Back in August, I was invited by the wonderful Alexandra Neill to take part in her Blog Carnival project, along with a bunch of other writers who are much cleverer and more consistent with the whole writing thing than I am. That project was meant to last the whole month, and reach across five topics. I fell off the wagon after one, and now we’re in the back half of October and I’m writing the second one. Good work, me.

It wasn’t that I didn’t try to write it. I think I took four goes at it, knowing exactly what I wanted to talk about, but with no idea how to go about it. The topic was “Something That Scares Me”, and this thing left me so scared (and more importantly, ashamed) that I couldn’t bring myself to confess it.

It was such a stupid thing that I feel like a moron not being able to share it. It’s something I really struggle with, and I’m trying really hard to get over it, but things keep getting in the way: working full time, stress, exhaustion, procrastination, laziness, a total failing in terms of willpower, fear of the fear itself…

I am afraid of doing things, making things, being creative, having adventures. It’s such a stupid thing to be afraid of, especially when I consider the joy that comes from actually doing it, but the elements of the fear seem endless, and the excuses come in equal number. Yet at the same time, I am terrified of being ordinary, being boring, sacrificing my life to a day job and not doing and making the things my heart wants to. It’s a particularly uncomfortable position to be in.

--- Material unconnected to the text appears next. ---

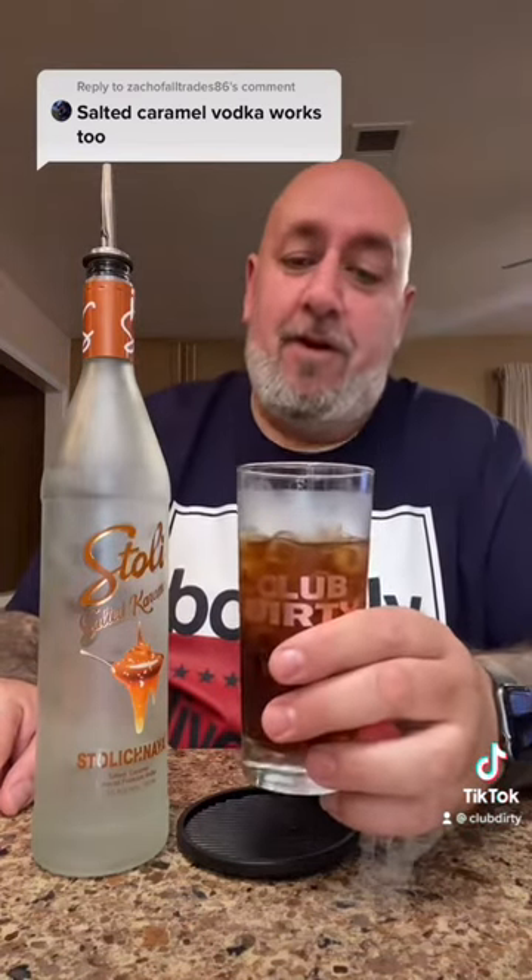Oh yeah, that's good. That's really good. It's different than the float, but this is really good. Go ahead and give that a try. And go ahead and hit those comments and give me some more drink suggestions. Cheers.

A little over a week ago, I turned 25. For a number of reasons, that milestone held a lot of dread for me, especially as it crept closer and I realised just how few of the things I’d wanted to achieve had actually come to fruition. As I write, I realise that I’m even afraid to confess that they are things I want to do, but here are some of them:

I’ve never been published by a publication that will pay me for my work. I’ve left four novels unfinished, and never finished editing the only one that I did finish. I’ve never played in a band. I’m yet to live overseas. I’ve never made a short film that was any more than a glorified slideshow. I’ve not made any wonderful pottery,made a sculpture or fixed something mechanical, or learned how to ride a bike, or how to drive a car. I never got to be a radio announcer or program producer. I can’t do a handstand or a cartwheel or rock climb. I’ve never tried stand-up comedy. I’ve never learned how to swing dance or any of the Latin ballroom styles. I never learned to juggle. I’ve never acted in a role beyond the chorus, and I haven’t even done that since I was in high school. I’ve never organised a successful public event or gig. I’m painfully aware of all the things I want to do I haven’t done yet, and I feel like I am running out of time to do them.

Writer's Block II
“Writer’s Block II” by Drew Coffman

That’s what scares me: all those things left undone. As I get older, I feel like my potential is ebbing away; any talent I may have is disintegrating like muscles atrophying, and every day that ticks by makes me more anxious about what I’m missing out on. I’m surrounded by wonderful, clever, driven, creative, fantastic, unbelievable people (some of whom I am lucky enough to call friends, some of whom have just been rad enough to let me hang in their presence) who inspire and intimidate me in equal measure. They are musicians, writers, filmmakers, event-organising magicians, public relations wizards, actors, models, photographers, poets, circus performers, artists and so much more. I could ask them for help, but I’m paralysed by the thought of revealing that I want to do what they can do because I know that I’m never going to be as good at it as they are. I feel that I’ve left it too late.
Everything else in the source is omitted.